*** Opening of Provided data ***
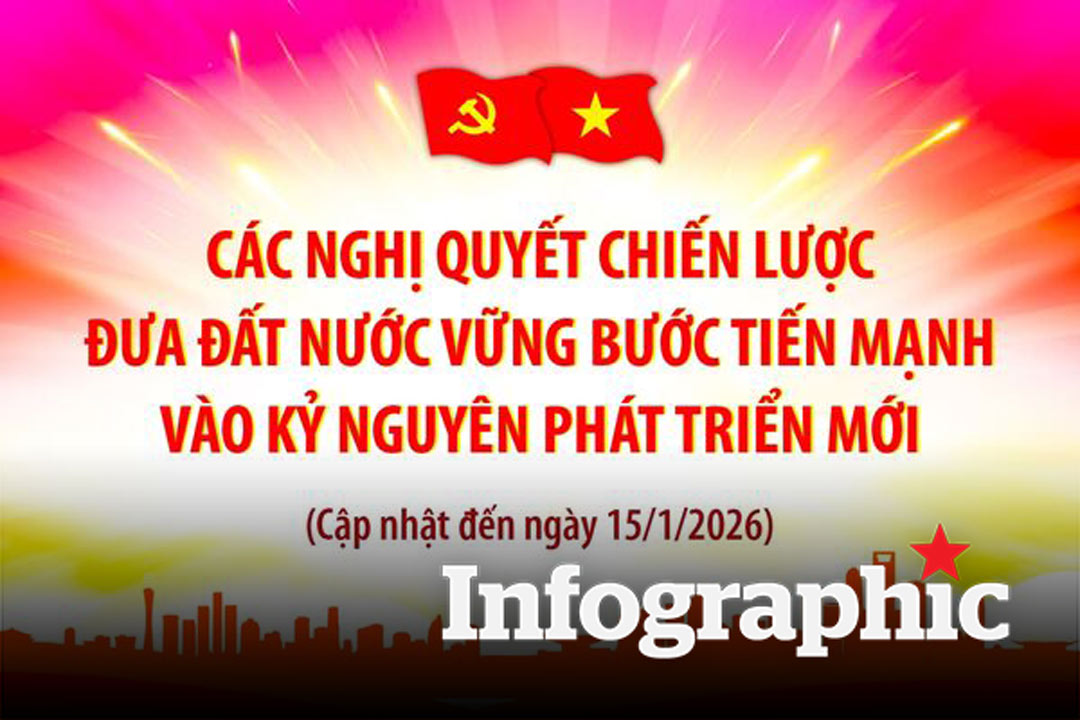 Các nghị quyết chiến lược đưa đất nước vững bước tiến mạnh vào kỷ nguyên phát triển mới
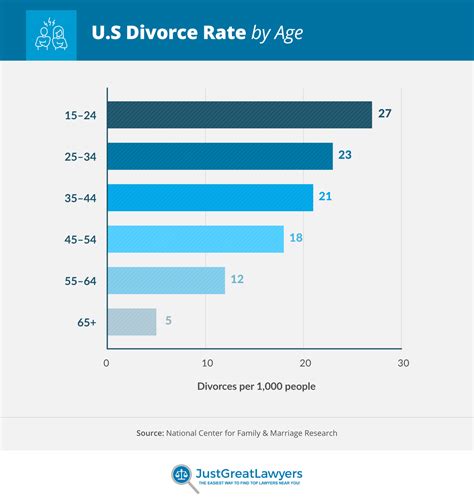 At what age do most men get divorced?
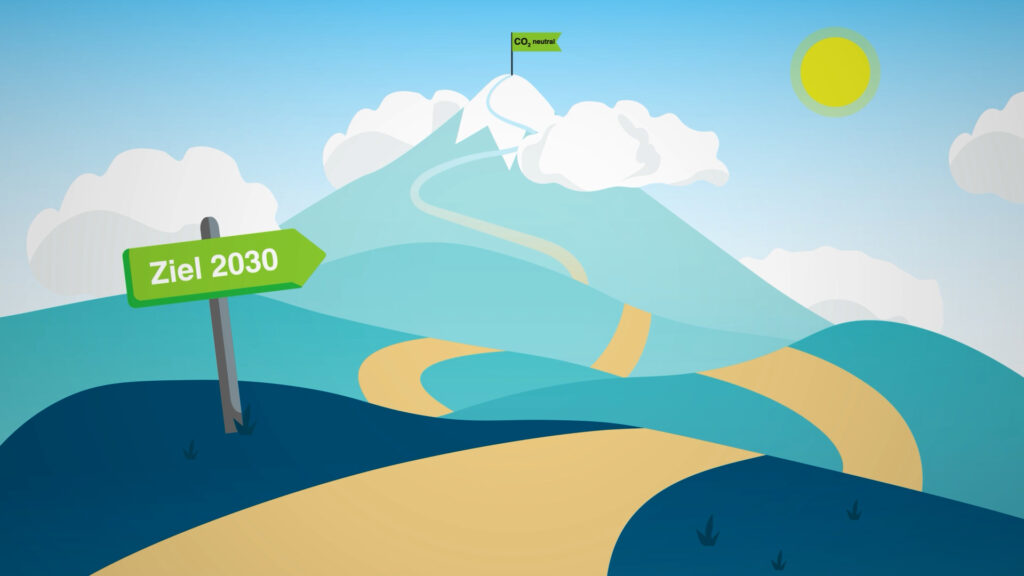 Berglandschaft: Ziel Co2 neutral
*** Close of Provided data ***
| Aim of the task |
All of the material above must be retyped exactly, line for line, with the images dropped.

| Task answer |
 Các nghị quyết chiến lược đưa đất nước vững bước tiến mạnh vào kỷ nguyên phát triển mới
 At what age do most men get divorced?
 Berglandschaft: Ziel Co2 neutral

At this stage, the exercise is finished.